ANNOUNCED AS TEMPORARYNo
As part of the French economic recovery plan in December 2008, France introduced a car scrappage scheme. According to the Ministry of Recovery the scheme intends:
(i) to support the activity of the automobile sector,
(ii) to support the purchasing power of the consumers who are willing to buy a car, and
(iii) to be supportive of the environment.
For the period of 4 December 2008 to 31 December 2009 owners of cars older than 10 years can receive a subsidy of EUR 1'000 towards the acquisition of a new private vehicle emitting less than 160 g CO2 per km or a new utility vehicle (with no carbon restrictions), if their old car is scrapped at the same time.
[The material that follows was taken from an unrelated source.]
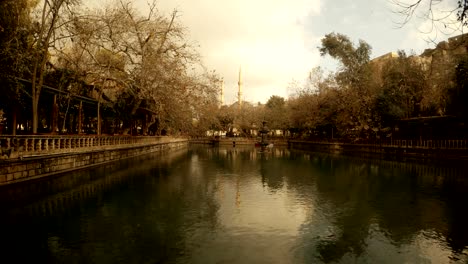 lake ayn-zelih clouds float across sky reflected wuntry warm day urfa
In a press conference on 8 June 2009, Luc Chatel (Minister of Industry and Consumption) described the impact of the measure: Until 31 May 2009, 175'000 vehicles have benefited from the car scrappage scheme (by the end of August, this figure was up to 330'000, see Les Echos, 2 September 2009). Car sales went up by 12% in May 2009 (compared to declines during the first four months of 2009).
In a press article (La Tribune, 17 July 2009) several government officials (including Finance Minister Christine Lagarde, Recovery Plan Minister Patrick Devedijan and Industry Minister Christian Estrosi) are reported suggesting that the government should abandon or gradually reduce the incentives of the car scrapping scheme, as costs are estimated to reach EUR 390 million rather than initially planned EUR 220 million.
According to Dow Jones International News, 26 August 2009, Industry Minister Christian Estrosi announced that the car scrappage scheme will be extended in a modified way into 2010. One option would be to reduce the payment gradually from the current level, another would be to encourage car buyers to opt for low polluting models in a bonus-malus system.
Having considered the provision of 19 January 2009 (Décret no 2009-66), which modifies the provision of 26 December 2007 (Décret no 2007-1873) implemented to support the acquisiton of vehicles, our assessment of this measure is that it is non-discriminatory. It puts no restrictions on the type and brand for the acquisition of new private cars (except on carbon emissions) and no restrictions for the acquisition of new utility vehicles. According to an official press statement by the French government on 5 March 2009 the European Commission has confirmed that the scheme is non-discriminatory.